Williams is an associate professor of history at the University of Dayton. Her book “Habits: Black Catholic Nuns in the Long African American Freedom Struggle” was among the top five book on religion published in 2022 and received the Letitia Woods Brown Award for Best Book on African American Women’s History.

Williams grew up Catholic and black, but she acknowledged, “I knew very little about black history beyond my own family.” In a graduate studies seminar on black history, contemplating a paper on black Catholic women’s history, Williams discovered an article about the 1968 National Black Sisters’ Conference (NBSC). “I was unaware of the existence of black nuns in our church,” Williams said. Her mother concurred, “only white sisters taught us.”

Williams tracked down Patricia Grey, founder of the NBSC. Grey bore the distinction of being the first sister of African American descent admitted into the Sisters of Charity of Nazareth. Three years earlier, in 1960, Grey had been denied admittance by the Sisters of St. Josephs founded in 1836, an order long honored for its selfless service. “I don’t want to look back,” Grey repeatedly told Williams, but she finally agreed to talk.

Williams set upon a journey of recovering the voices of the black women “ignored, dismissed, and assigned to myth.” She calls the story she found “a chapter on colonialism and segregation in the church, both male and female … an overlooked chapter in the freedom struggle.”

In 1828, two free women of color, Elizabeth Lange and Maria Balas, founded the Oblate Sisters of Providence in Baltimore, Md., the first Roman Catholic sisterhood in the world established by women of African descent. Other orders had denied the women admittance, in keeping with the prevailing belief women born into slavery were not fit for the religious life. A French priest assisted the two women who came to his attention as teachers of black children. The Oblate sisters accepted women born into slavery and those still enslaved. Women entering the sisterhood were expected to bring a dowry. Many black women found donors to satisfy the requirement. However, the Oblate sisters refused to accept enslaved people as part of the dowry.

Some nuns left the Oblate sisters to found orders in Michigan and Georgia. When the French priest died, the church told the Oblate sisters “go back to the world.” A Belgian priest took up the sisters’ cause. The Oblate sisters opened missions in Philadelphia and New Orleans where black women were refused admission to existing Catholic orders. Initially, the black sisters were not allowed to wear habits and, later, not allowed to wear the same habits as sisters in white orders. The Oblate sisters took in children of lynching victims, victims of the Tulsa Massacre, and were themselves attacked by white supremist, when joining black sisters to support their efforts to desegregate white Catholic communities and allow black women to join the sisterhood.

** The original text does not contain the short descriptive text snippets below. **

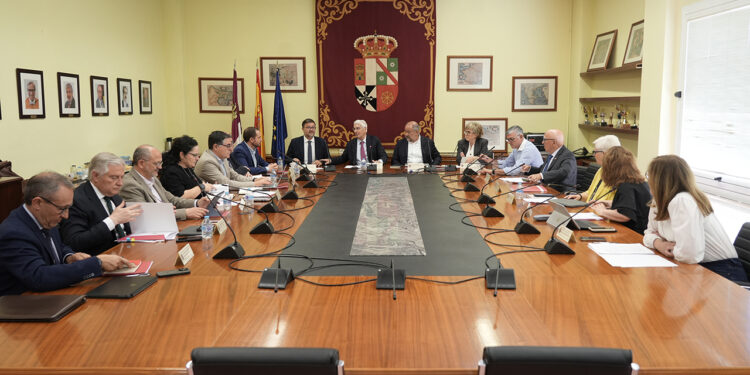 Castilla-La Mancha prepara su gran reforma universitaria con una Ley que impulsa un modelo más innovador, competitivo y conectado a la sociedad 1 Castilla-La Mancha prepara su gran reforma universitaria con una Ley que impulsa un modelo más innovador, competitivo y conectado a la sociedad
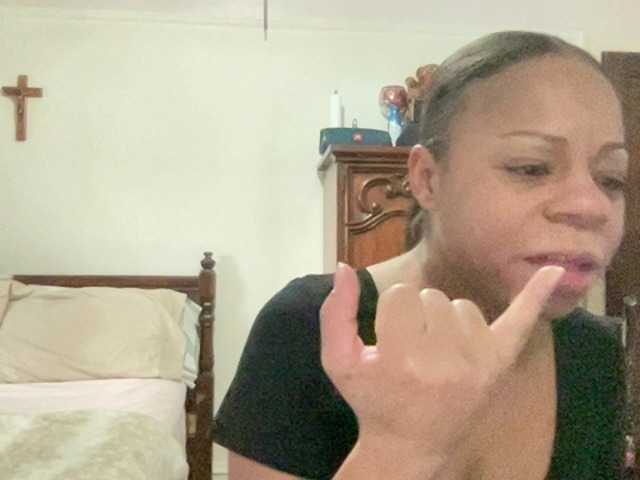 لقطات البث MyaMichelle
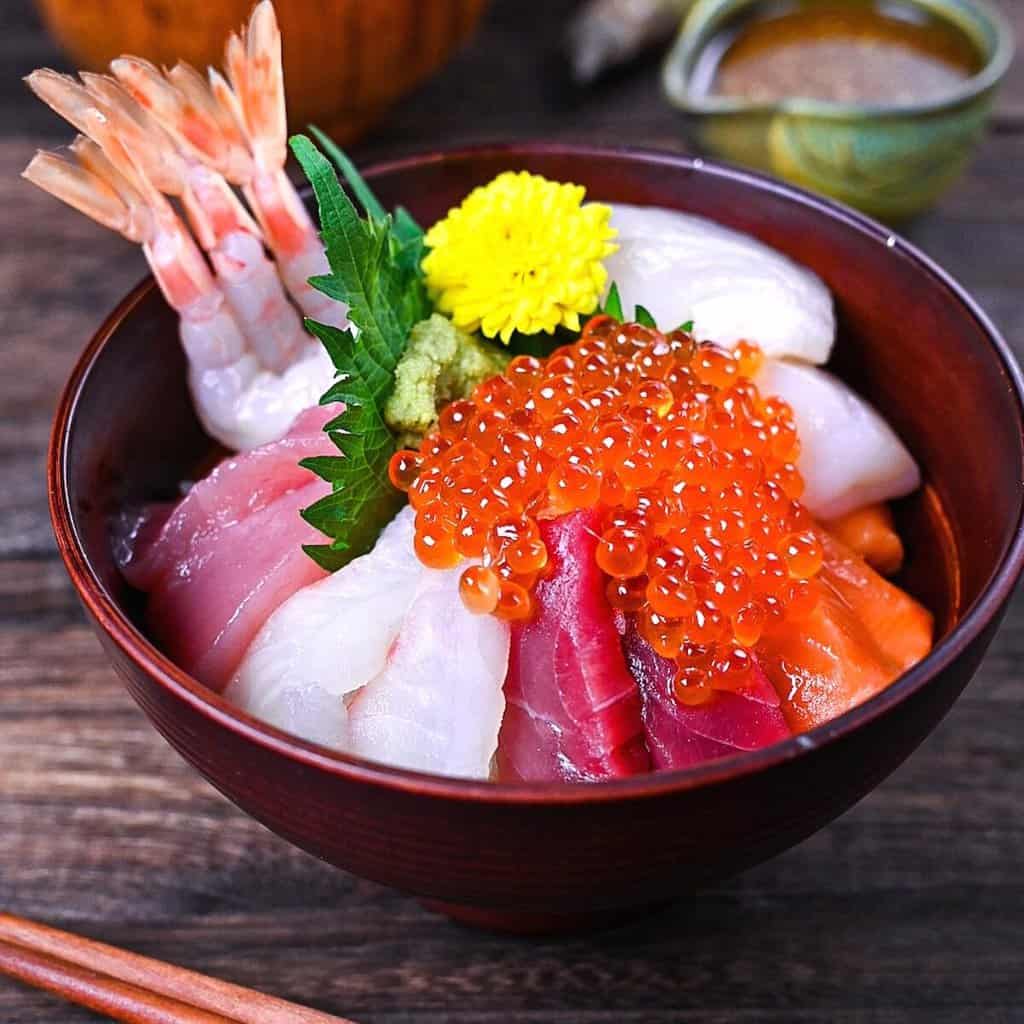 ข้าวหน้าปลาดิบ (ไคเซ็นด้ง) สำหรับคนรักอาหารทะเล Image1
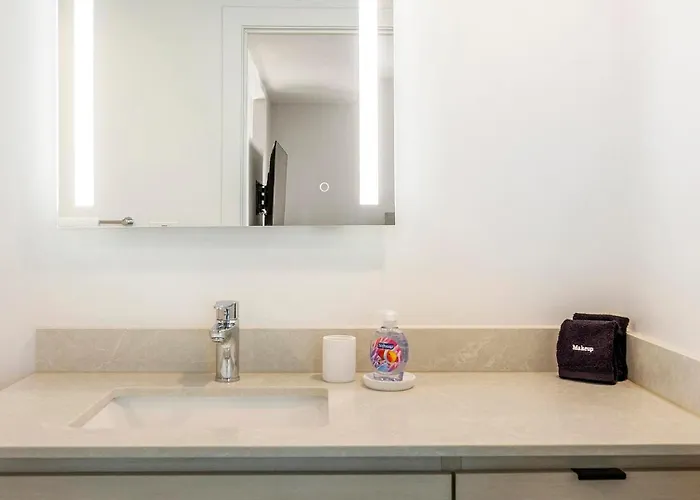 Landing Chic 2Bd Yoga Studio Pool Apartment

In the 1940s, following WWII, the mother of a Chicago order appealed to her superiors for help with the “colored girls” applicant “problem.” A New York priest would ask, “Are we Catholic enough to accept black vocations?” The answer Williams said was a firm “no.”

Williams cited a curious phenomenon, Catholic orders in the United States were more likely to accept black women born outside the United States. “The vast majority of black communities in the United States have never taken a U.S. born black woman,” Williams said. Many black women had to leave the United States to enter the sisterhood.

Researching the story solidified Williams fraying bond with her faith “I had one foot outside of the church when I came to the project. I didn’t see my place in the church … As these women were telling me their stories, they were also preaching to me ... communities started inviting me in … but the archive can only tell you so much.” Many black women never applied because their teachers discouraged them from doing so. Black women admitted were relegated to the role of domesticate servitude and not educated. In the 1960s, orders began requesting photographs so they would know if the applicants were black. “Thousands of vocations were lost to the church,” Williams said. “Communities trying to reconcile, to welcome in diversification now are having to grapple with the realization they did not welcome in people before and now they don’t have the leadership and experience and in certain instances it’s too late.”

In 2020, the Sisters’ of St. Josephs made a formal apology to Dr. Patricia Grey for rejecting her application for admittance in 1960. In 1974, Grey left religious life and pursued a career outside the church. When Grey learned of the apology, she wept.